Pour palier leur nombre de machines insuffisant en cas d’attaques DoS, ils diffusent des liens au travers de leurs canaux de communication (leur profil Twitter étant le plus visité de ceux-ci), mais ses liens sont souvent vérolés, et permettent de prendre à votre insu le contrôle de votre ordinateur (comme on l’a vu dans les précédents articles), et surtout d’y installer, je vous le donne dans le mille,… LOIC ! Ainsi, lorsqu’ils prévoient leur attaques, ils ne font pas “seuls”, mais avec une armée de PC-zombies à leurs ordres, via des salons IRC.

  • Protection de l’adresse IP attaquante :

Au vu du nombre importants de PC infectés, il est quasi-impossible de trouver d’où sont lancées les attaques. Cependant un travail minutieux des autorités pourrait permettre de remonter à certains des attaquants, via les adresses IP des machines qui sont parfaitement connues lors des attaques. Pour parer cela, les Anonymous se cachent derrière des réseaux ou Proxy anonymiseurs. Mais Nul doute que ce cher FBI va essayer de faire tomber ce genre de site, afin d’attraper les Anonymous qui causent tant de dégats sur la toile.
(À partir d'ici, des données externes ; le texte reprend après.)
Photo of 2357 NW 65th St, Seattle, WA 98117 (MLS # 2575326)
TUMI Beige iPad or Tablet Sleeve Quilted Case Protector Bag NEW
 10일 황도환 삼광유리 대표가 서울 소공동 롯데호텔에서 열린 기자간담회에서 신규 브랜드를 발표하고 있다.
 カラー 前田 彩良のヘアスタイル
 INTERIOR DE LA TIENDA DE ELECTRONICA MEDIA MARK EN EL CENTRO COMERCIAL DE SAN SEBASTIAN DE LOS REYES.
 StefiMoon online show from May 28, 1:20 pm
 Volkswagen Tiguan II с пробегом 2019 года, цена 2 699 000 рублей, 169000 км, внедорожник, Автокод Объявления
La combinaison de ces trois techniques a entrainé, après le 19 janvier 2012, la chute plus ou moins momentannée des sites gouvernementaux américains (le FBI, la justice américaine, l’U.S. Copyright Office, l’Utah Chiefs Of Police Association, la Broadcast Music Incorporated, de la Warner Music Group et de Sony), des lobbys du divertissement (Universal Music, la Recording Industry Association of America, la Motion Picture Association of America) ou du gouvernement français suite aux propos de soutien de Nicolas Sarkozy aux actions du FBI (Hadopi).

Ce type d’attaque est très difficile à parer, car on ne peut contrôler les flux de requêtes envoyé sur un serveur, et à moins d’avoir une très bonne bande passante, et d’une capacité énorme de traitement des requêtes, les sites attaqués ont peu de chance de résister…

  • Piratage et cybersquattage de sites web :

En plus des attaques par déni de service, les Anonymous ont attaqué des sites web, en vue d’en prendre le contrôle, et d’en modifier/diffuser le contenu au plus grand nombre.

Ainsi on a pu voir le contenu payant de Sony relâché sur les réseaux P2P, ou même l’url du site de l’Élysée modifiée, avec des extraits du slogan des Anonymous (“We are Anonymous. We are Legion. We do not forgive. We do not forget. Expect us.“).

elysee.fr URL piratéeCes attaques utilisent des faille de sécurités sur les sites web et serveurs. Parfois même, les attaques DoS permettent de prendre le contrôle des serveurs lors de leur redémarrage. On peut aussi citer les vols/décryptage des logins et mots de passe administrateurs (et ainsi accéder directement à l’administration des sites web en question).


Cet article n’a pas pour but de faire l’apologie des Anonymous, qui utilisent, des méthodes illégales comme le contrôle des ordinateurs à distance en les infectant au préalable, et les attaques par déni de service. On peut d’ailleurs se demander si leurs intentions sont parfaitement louables et dénuées d’intérêts… Ce billet a pour pour simple but celui d’informer sur les méthodes utilisées sur internet pour cracker/faire tomber un site ou un système d’information. Afin de soulever des interrogations sur les moyens de contrer ces attaques.